Will consumers really share bank details in order to bet?

What better way to ring in the year than by reading this excellent summary by Scott Longley for iGB, of where we are at present in the interminable affordability debate.

A number of nails are hit firmly on the head, not least of which is the current (slightly wilful) failure of the industry to understand the direction in which the wind is blowing, and take proactive steps to control and manage the process on that basis. 

As we’ve said before, putting our collective fingers in our collective ears and hoping the whole thing goes away really doesn’t feel like a strategy, certainly not at this late stage. Having said that, I do feel the industry itself is ahead of the BGC (which it could be argued is just doing its job). Most operators we speak to are aware that change is both inevitable and something they need to plan for, starting yesterday.

But here I want to talk about something slightly different, which is the oft-quoted conclusion that consumers will not share financial information in order to be able to gamble, or as the article puts it (summarising this report sponsored by the BGC) “nearly 70 per cent of people who place a bet said they would be unwilling to allow regulated firms to carry out compulsory affordability checks to prove they can afford to wager”.

This is a claim that crops up repeatedly in one way shape or form. But how true is it, really?

There’s a couple of things worth saying about the 70% figure from the EY/BGC report before we go any further:

  • Firstly, consumers are notoriously unreliable when it comes to any question about what they will or won’t do in the future, or indeed what they do or do not want. In general, data based on survey responses to ‘what would you do if?’ type questions is something close to worthless when it comes to really predicting the future.
  • Secondly, there remains a huge amount of confusion amongst consumers about what affordability checks really mean, why they exist, and what their relationship with other checks (KYC, source of funds, etc) really is. You only have to spend a few minutes on social media to realise this is the case. Many punters appear to confuse affordability checks with staking restrictions applied by operators, for example. Again, I have a hard time really trusting data like this when there is so much obvious confusion in the market.

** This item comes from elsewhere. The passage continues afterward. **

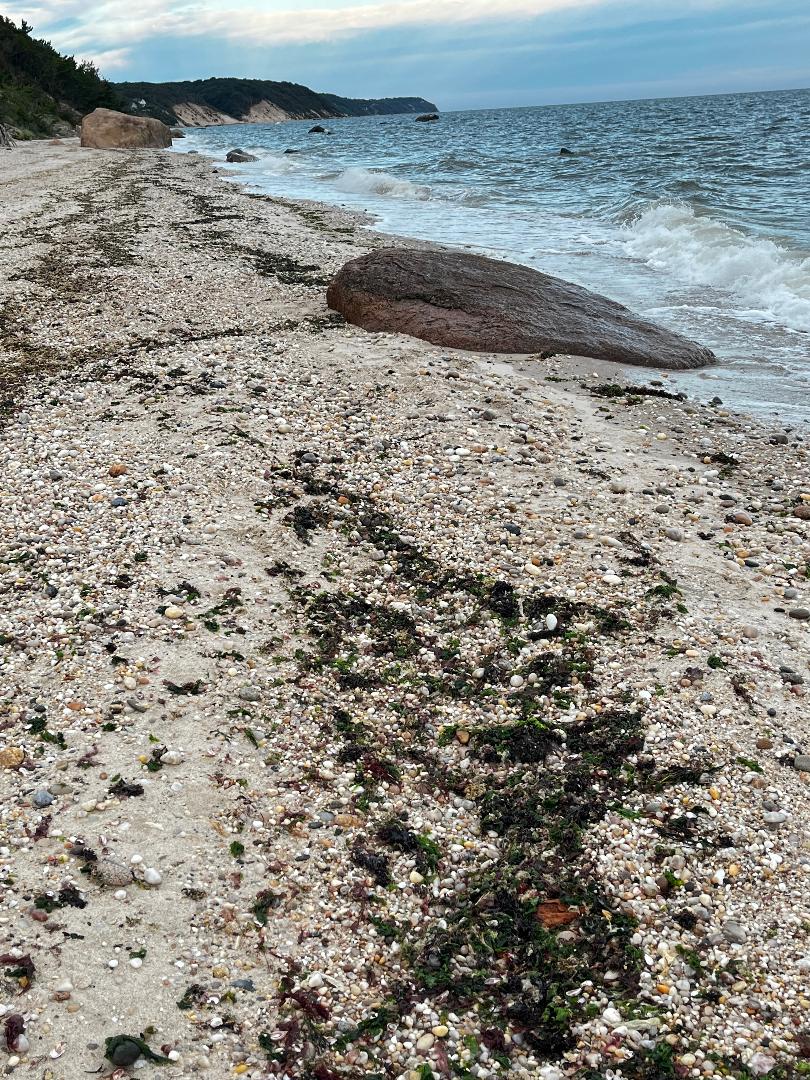 seaweed on beach.jpg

So if we can’t trust what people say, what should we trust? At the risk of being glib, and to paraphrase Jane Austen, we should probably look at what they do.

The empirical evidence

Here the evidence is infinitely more encouraging.

It largely comes from three sources, namely:

  • Our own experience of opt-in rates when it comes to sharing financial data via Open Banking
  • Opt-in rates in other industries when sharing of financial data is a requirement
  • The experience of the gambling industry itself with similar (if not identical) requirements such as ID verification

Before saying any more we should acknowledge that some bettors will not want to share financial data. Nobody is claiming there will be no issue. The question is how significant that issue is. 

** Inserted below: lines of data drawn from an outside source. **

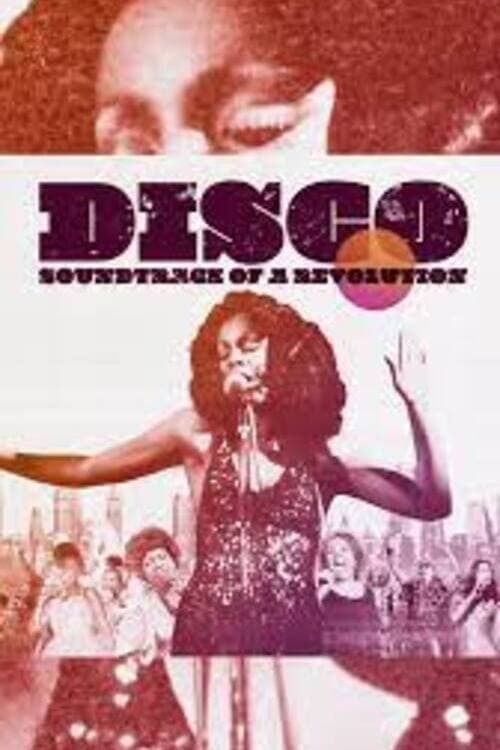 Disco: Soundtrack of a Revolution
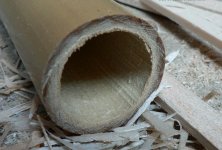 Tonkin Cane End Cut.jpg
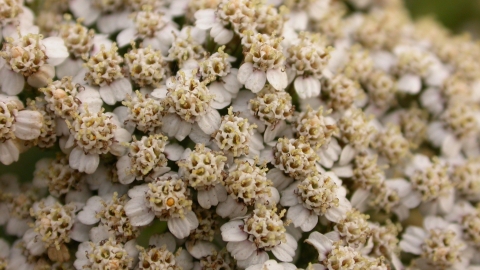 Yarrow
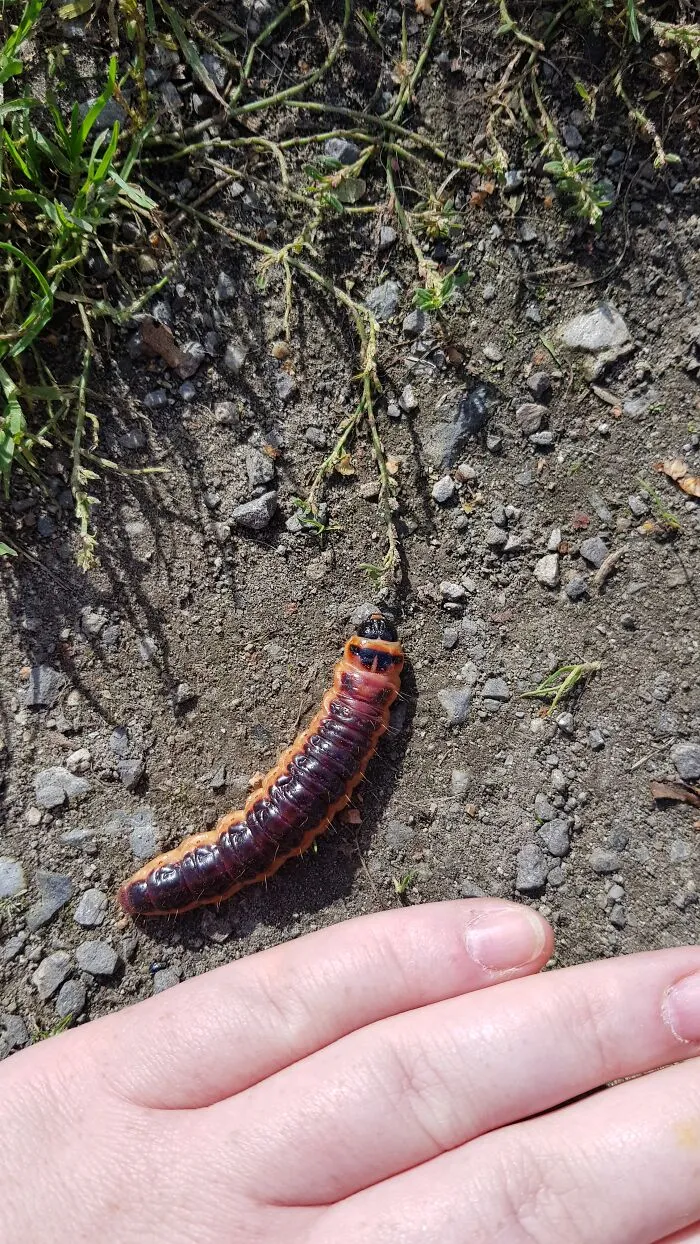As Big As My Finger, Hand Is Hovering Because I Was Afraid :)  Feels Like Bear Grylls Is Right Around The Corner To Eat It. Huge!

So what does our empirical evidence tell us?

First, our own trials suggest that opt-in for sharing data via Open Banking is over 50%, and this is only Open Banking (does not include paper statement sharing), and only with minimal effort to convert customers to sharing (for obvious reasons: it’s a trial and no operator wants to annoy customers unnecessarily).

To put that in context, this is ALREADY a figure well in excess of that projected by the BGC, and in an environment where sharing financial data in this way is still relatively novel. We suspect that number can only increase over time, which brings us to…

Second, the evidence from other industries also suggests that whilst consumers might be initially reluctant to share financial data to access products or services, they usually do. The most obvious example is property. To take the admittedly extreme example, few if any decide against buying a house because they will need to share financial data to access a mortgage. And by way of a more realistic analogy, few decide against renting an apartment when asked to do the same - something that is increasingly commonplace these days.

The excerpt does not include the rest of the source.